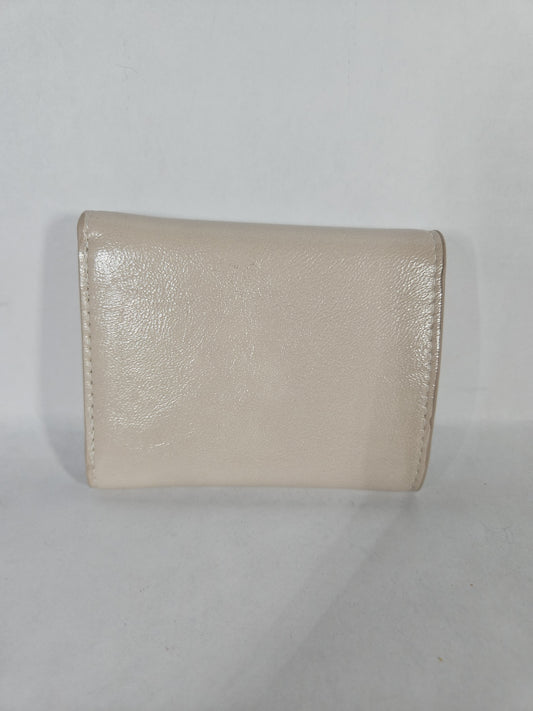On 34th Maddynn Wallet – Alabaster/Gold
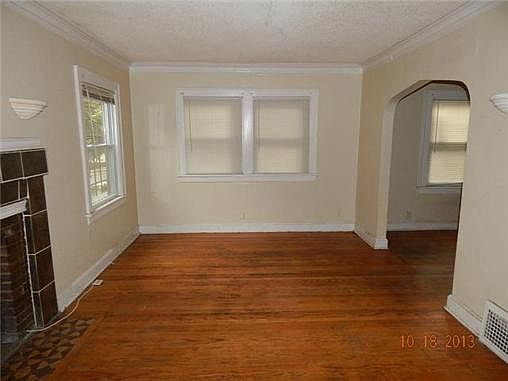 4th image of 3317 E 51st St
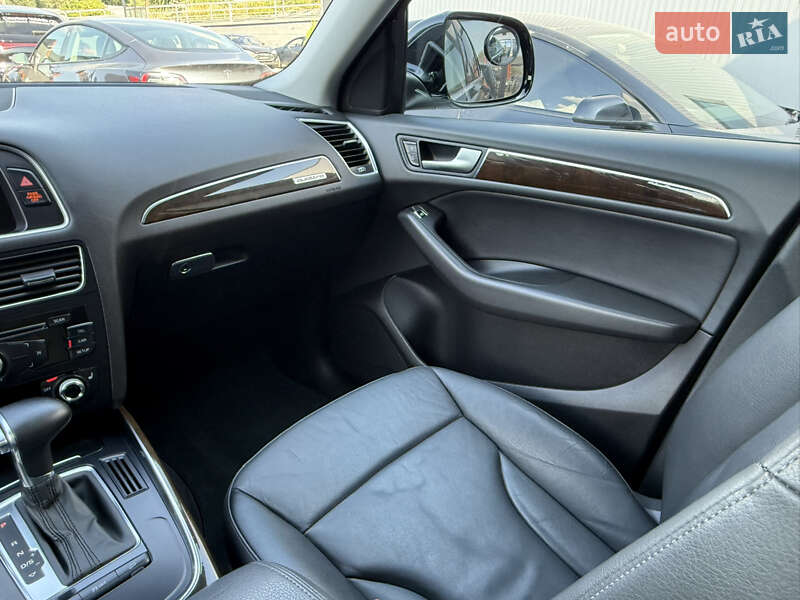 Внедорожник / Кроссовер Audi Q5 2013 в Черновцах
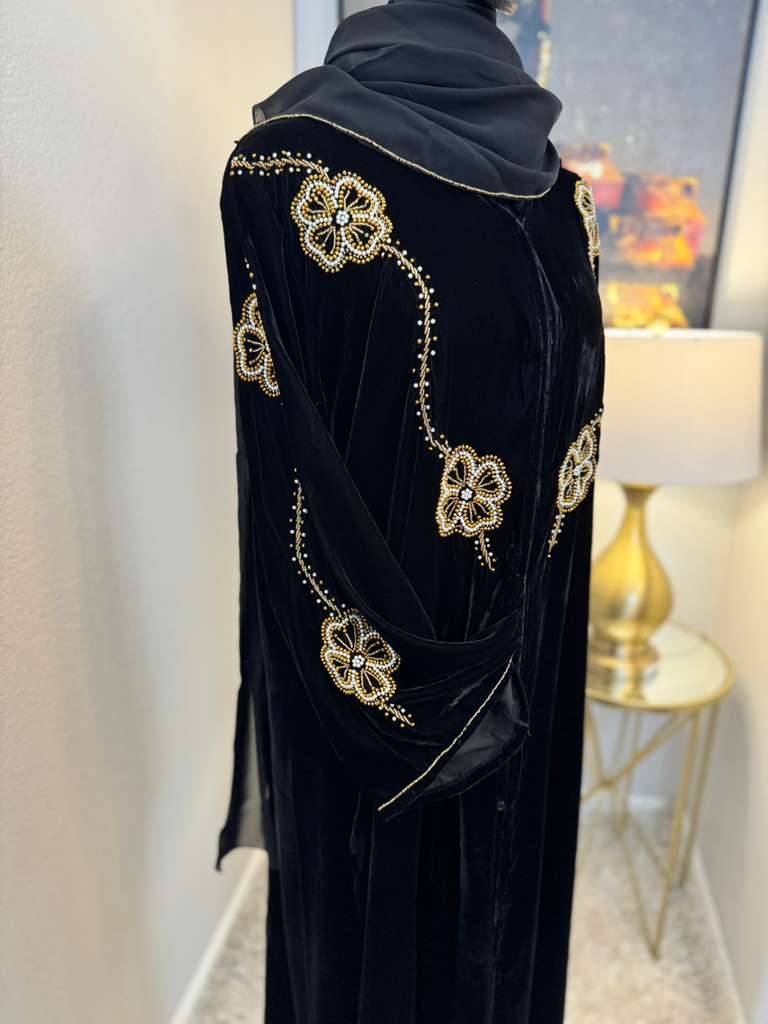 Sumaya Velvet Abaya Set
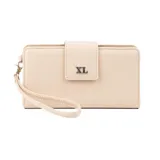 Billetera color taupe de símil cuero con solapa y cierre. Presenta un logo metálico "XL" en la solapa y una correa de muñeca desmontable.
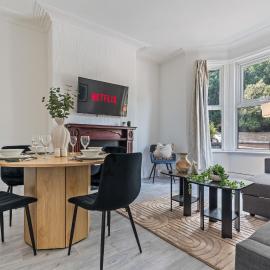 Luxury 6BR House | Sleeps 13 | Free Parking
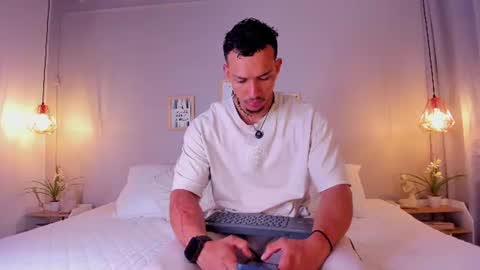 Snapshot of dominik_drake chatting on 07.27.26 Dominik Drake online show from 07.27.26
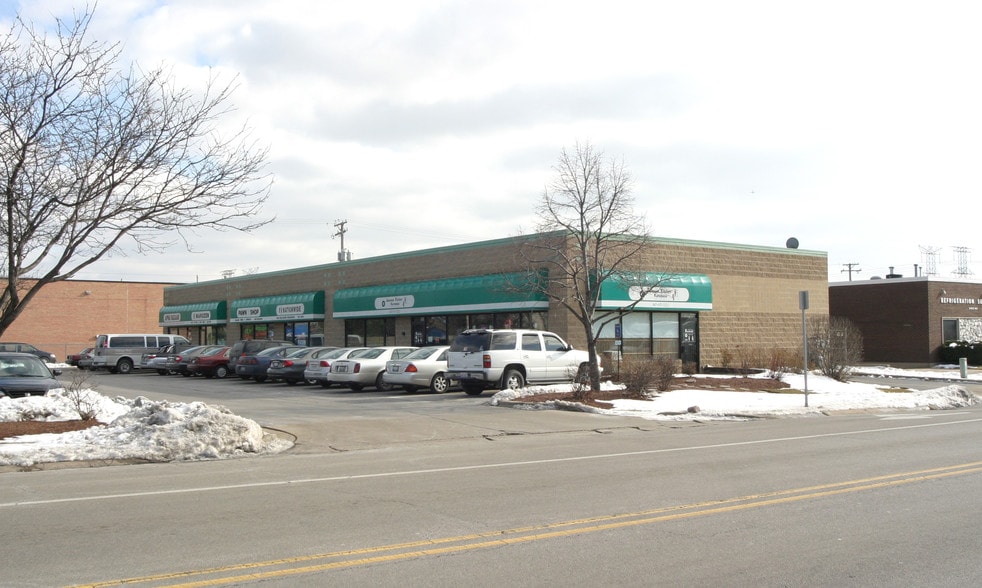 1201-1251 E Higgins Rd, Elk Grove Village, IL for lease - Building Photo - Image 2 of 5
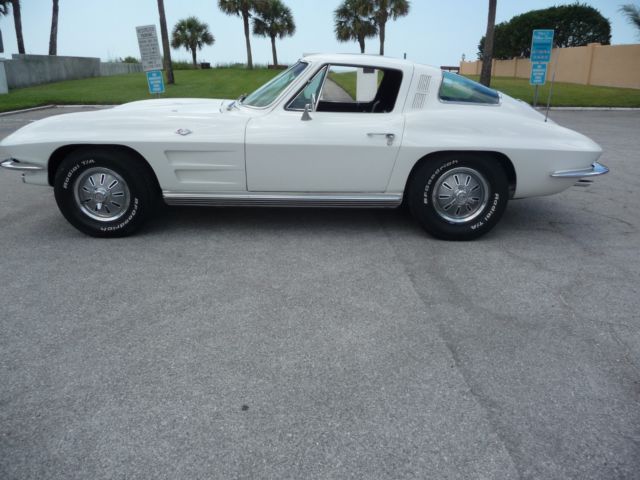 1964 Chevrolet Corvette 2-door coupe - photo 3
= = = =
:: Task ::
Output the entries exactly as they appear, with no pictures included.

:: Written answer ::
On 34th Maddynn Wallet – Alabaster/Gold
 4th image of 3317 E 51st St
 Внедорожник / Кроссовер Audi Q5 2013 в Черновцах
 Sumaya Velvet Abaya Set
 Billetera color taupe de símil cuero con solapa y cierre. Presenta un logo metálico "XL" en la solapa y una correa de muñeca desmontable.
 Luxury 6BR House | Sleeps 13 | Free Parking
 Snapshot of dominik_drake chatting on 07.27.26 Dominik Drake online show from 07.27.26
 1201-1251 E Higgins Rd, Elk Grove Village, IL for lease - Building Photo - Image 2 of 5
 1964 Chevrolet Corvette 2-door coupe - photo 3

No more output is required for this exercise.